UK-Dutch electricity interconnector operator BritNed’s claim for damages from ABB, stemming from the European Commission’s 2014 power cable cartel decision, was the first follow-on cartel damages case to proceed to final judgment in a UK court. In October 2018 the High Court ordered ABB to pay BritNed EUR13m (later reduced to EUR11m) given that the cartel had allowed it to maintain “baked-in inefficiencies” in its cable design, the costs of which had been passed on to BritNed. It also found that ABB had been able to achieve certain internal costs “cartel savings” as a result of not having to compete with its co-cartelists (see our alert). The award was a fraction of the over EUR180m claimed – the overcharge and loss of profits claims were unsuccessful. And BritNed’s woes have continued on appeal. The Court of Appeal has now set aside the controversial “cartel savings” element of the award as an error of law, concluding that ABB’s savings did not impact the price paid by BritNed or translate into a loss for which BritNed should be compensated.
But the Court of Appeal’s judgment is of much wider significance than this one case as, wrapping together EU and UK case law, it specifies in detail the approach to be taken when assessing cartel damages. Notably: (i) cartel damages in the UK must be compensatory, not punitive; (ii) there is no presumption of harm in cartel cases brought before the EU’s Damages Directive came into force and the burden of proof rests with claimants to establish that they have suffered loss and the quantum of that loss; (iii) a “broad axe” approach can be used to estimate damages; and (iv) it is not sufficient to look at the general effects of the cartel on the market rather than the specific amount of any overcharge. It is clear that the English courts are still willing to award damages for loss arising out of anti-competitive behaviour, even where the overcharge was unintentional. However, claimants face a high bar to prove the enormous losses typically alleged in follow-on cartel damages claims.
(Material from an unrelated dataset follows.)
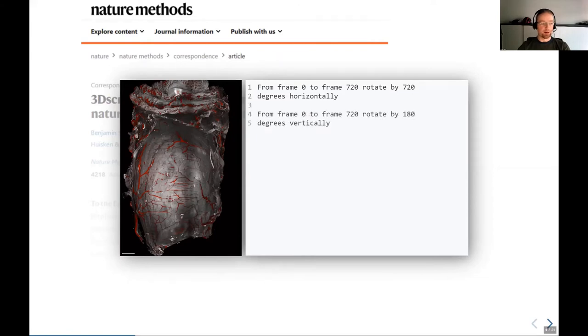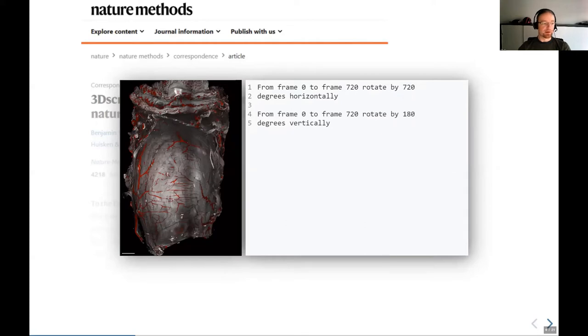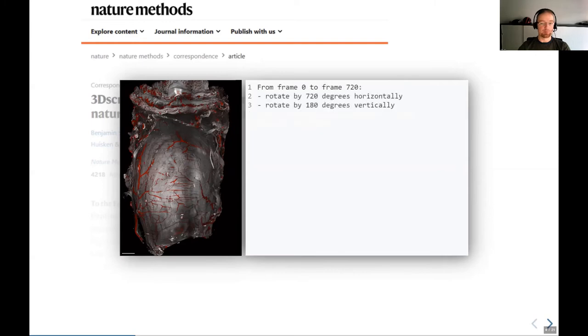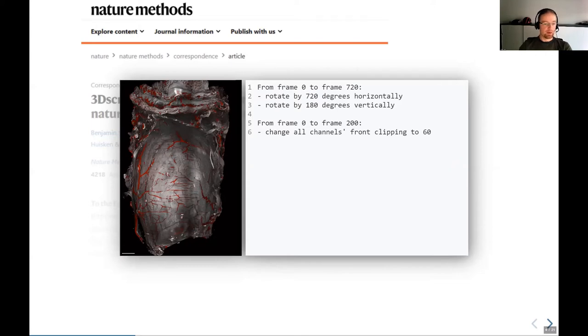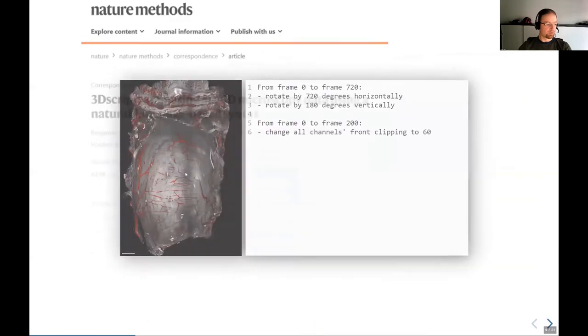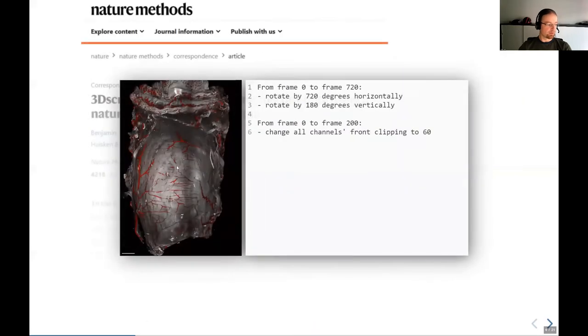Now we can concatenate several of these sentences. If it's like here that they act in the same frame interval, we can also write them more elegantly as enumerations. We can add stuff like here we changed the front clipping plane, which is the plane where the rendering actually starts. Now let's just see what this would look like.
The full text of the judgment is not yet available online.
The European Commission has opened a formal antitrust probe into whether two large French grocery retail chains, Casino and Intermarché, have coordinated their conduct. While purchasing alliances can be pro-competitive, leading to lower prices or better quality products or services for consumers, the Commission is concerned that this alliance – a joint venture called INCA set up in November 2014 – went beyond its purpose, straying into anti-competitive behaviour. In particular, the Commission is investigating whether multiple contacts through the alliance were used as a channel to facilitate collusion on the development of shop networks and consumer pricing policies.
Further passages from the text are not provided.